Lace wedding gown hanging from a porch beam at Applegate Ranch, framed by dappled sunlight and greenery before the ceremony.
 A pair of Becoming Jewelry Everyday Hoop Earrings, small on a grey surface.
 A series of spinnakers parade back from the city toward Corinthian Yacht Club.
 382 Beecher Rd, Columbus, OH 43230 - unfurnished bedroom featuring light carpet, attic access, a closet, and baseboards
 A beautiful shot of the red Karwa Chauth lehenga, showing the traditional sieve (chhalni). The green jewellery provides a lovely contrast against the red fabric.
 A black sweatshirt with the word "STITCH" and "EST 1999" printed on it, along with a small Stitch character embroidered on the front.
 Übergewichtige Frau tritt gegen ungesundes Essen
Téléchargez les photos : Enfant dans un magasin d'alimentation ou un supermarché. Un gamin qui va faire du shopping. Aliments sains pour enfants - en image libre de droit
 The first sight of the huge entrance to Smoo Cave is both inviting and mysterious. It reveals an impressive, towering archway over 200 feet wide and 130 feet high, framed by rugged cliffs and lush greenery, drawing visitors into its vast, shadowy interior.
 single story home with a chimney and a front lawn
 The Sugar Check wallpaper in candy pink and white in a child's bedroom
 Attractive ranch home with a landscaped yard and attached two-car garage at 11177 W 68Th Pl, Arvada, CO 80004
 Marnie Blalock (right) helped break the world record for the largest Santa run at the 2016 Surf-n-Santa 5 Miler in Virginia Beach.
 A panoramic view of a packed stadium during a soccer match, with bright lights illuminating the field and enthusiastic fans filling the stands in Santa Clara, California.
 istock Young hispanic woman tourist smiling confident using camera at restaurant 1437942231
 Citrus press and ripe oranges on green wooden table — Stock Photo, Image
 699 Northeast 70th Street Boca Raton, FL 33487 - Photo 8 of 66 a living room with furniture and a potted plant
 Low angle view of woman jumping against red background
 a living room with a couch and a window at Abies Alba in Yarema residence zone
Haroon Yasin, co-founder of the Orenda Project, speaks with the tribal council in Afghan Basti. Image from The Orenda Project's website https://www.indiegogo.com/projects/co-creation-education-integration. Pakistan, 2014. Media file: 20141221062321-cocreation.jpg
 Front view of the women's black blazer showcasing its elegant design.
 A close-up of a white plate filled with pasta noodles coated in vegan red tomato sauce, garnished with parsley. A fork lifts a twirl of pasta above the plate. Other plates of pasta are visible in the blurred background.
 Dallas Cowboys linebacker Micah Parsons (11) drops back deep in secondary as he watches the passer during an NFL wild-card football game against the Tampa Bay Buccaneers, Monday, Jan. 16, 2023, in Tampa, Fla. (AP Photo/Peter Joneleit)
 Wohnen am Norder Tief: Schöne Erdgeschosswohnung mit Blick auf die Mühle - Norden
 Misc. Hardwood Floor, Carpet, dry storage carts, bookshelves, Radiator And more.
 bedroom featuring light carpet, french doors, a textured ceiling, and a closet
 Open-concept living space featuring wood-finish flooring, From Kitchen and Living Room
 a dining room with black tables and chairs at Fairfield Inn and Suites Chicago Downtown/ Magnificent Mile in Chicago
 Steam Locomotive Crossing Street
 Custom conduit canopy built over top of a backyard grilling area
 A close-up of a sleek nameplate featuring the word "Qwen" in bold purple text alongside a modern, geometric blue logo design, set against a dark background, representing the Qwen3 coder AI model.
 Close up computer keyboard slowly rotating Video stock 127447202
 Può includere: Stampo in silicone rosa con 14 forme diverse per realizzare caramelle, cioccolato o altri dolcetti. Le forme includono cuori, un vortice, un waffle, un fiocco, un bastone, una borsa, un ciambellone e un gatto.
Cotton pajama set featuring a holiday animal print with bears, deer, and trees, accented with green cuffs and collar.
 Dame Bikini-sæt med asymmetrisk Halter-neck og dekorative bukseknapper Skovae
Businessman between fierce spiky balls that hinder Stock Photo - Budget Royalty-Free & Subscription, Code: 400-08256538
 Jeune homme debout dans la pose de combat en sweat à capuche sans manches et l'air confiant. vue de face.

○ ○ ○ ○

Directions for this task -> Start at the first line of the material and write everything out exactly.

Exercise response ->
Lace wedding gown hanging from a porch beam at Applegate Ranch, framed by dappled sunlight and greenery before the ceremony.
 A pair of Becoming Jewelry Everyday Hoop Earrings, small on a grey surface.
 A series of spinnakers parade back from the city toward Corinthian Yacht Club.
 382 Beecher Rd, Columbus, OH 43230 - unfurnished bedroom featuring light carpet, attic access, a closet, and baseboards
 A beautiful shot of the red Karwa Chauth lehenga, showing the traditional sieve (chhalni). The green jewellery provides a lovely contrast against the red fabric.
 A black sweatshirt with the word "STITCH" and "EST 1999" printed on it, along with a small Stitch character embroidered on the front.
 Übergewichtige Frau tritt gegen ungesundes Essen
Téléchargez les photos : Enfant dans un magasin d'alimentation ou un supermarché. Un gamin qui va faire du shopping. Aliments sains pour enfants - en image libre de droit
 The first sight of the huge entrance to Smoo Cave is both inviting and mysterious. It reveals an impressive, towering archway over 200 feet wide and 130 feet high, framed by rugged cliffs and lush greenery, drawing visitors into its vast, shadowy interior.
 single story home with a chimney and a front lawn
 The Sugar Check wallpaper in candy pink and white in a child's bedroom
 Attractive ranch home with a landscaped yard and attached two-car garage at 11177 W 68Th Pl, Arvada, CO 80004
 Marnie Blalock (right) helped break the world record for the largest Santa run at the 2016 Surf-n-Santa 5 Miler in Virginia Beach.
 A panoramic view of a packed stadium during a soccer match, with bright lights illuminating the field and enthusiastic fans filling the stands in Santa Clara, California.
 istock Young hispanic woman tourist smiling confident using camera at restaurant 1437942231
 Citrus press and ripe oranges on green wooden table — Stock Photo, Image
 699 Northeast 70th Street Boca Raton, FL 33487 - Photo 8 of 66 a living room with furniture and a potted plant
 Low angle view of woman jumping against red background
 a living room with a couch and a window at Abies Alba in Yarema residence zone
Haroon Yasin, co-founder of the Orenda Project, speaks with the tribal council in Afghan Basti. Image from The Orenda Project's website https://www.indiegogo.com/projects/co-creation-education-integration. Pakistan, 2014. Media file: 20141221062321-cocreation.jpg
 Front view of the women's black blazer showcasing its elegant design.
 A close-up of a white plate filled with pasta noodles coated in vegan red tomato sauce, garnished with parsley. A fork lifts a twirl of pasta above the plate. Other plates of pasta are visible in the blurred background.
 Dallas Cowboys linebacker Micah Parsons (11) drops back deep in secondary as he watches the passer during an NFL wild-card football game against the Tampa Bay Buccaneers, Monday, Jan. 16, 2023, in Tampa, Fla. (AP Photo/Peter Joneleit)
 Wohnen am Norder Tief: Schöne Erdgeschosswohnung mit Blick auf die Mühle - Norden
 Misc. Hardwood Floor, Carpet, dry storage carts, bookshelves, Radiator And more.
 bedroom featuring light carpet, french doors, a textured ceiling, and a closet
 Open-concept living space featuring wood-finish flooring, From Kitchen and Living Room
 a dining room with black tables and chairs at Fairfield Inn and Suites Chicago Downtown/ Magnificent Mile in Chicago
 Steam Locomotive Crossing Street
 Custom conduit canopy built over top of a backyard grilling area
 A close-up of a sleek nameplate featuring the word "Qwen" in bold purple text alongside a modern, geometric blue logo design, set against a dark background, representing the Qwen3 coder AI model.
 Close up computer keyboard slowly rotating Video stock 127447202
 Può includere: Stampo in silicone rosa con 14 forme diverse per realizzare caramelle, cioccolato o altri dolcetti. Le forme includono cuori, un vortice, un waffle, un fiocco, un bastone, una borsa, un ciambellone e un gatto.
Cotton pajama set featuring a holiday animal print with bears, deer, and trees, accented with green cuffs and collar.
 Dame Bikini-sæt med asymmetrisk Halter-neck og dekorative bukseknapper Skovae
Businessman between fierce spiky balls that hinder Stock Photo - Budget Royalty-Free & Subscription, Code: 400-08256538
 Jeune homme debout dans la pose de combat en sweat à capuche sans manches et l'air confiant. vue de face.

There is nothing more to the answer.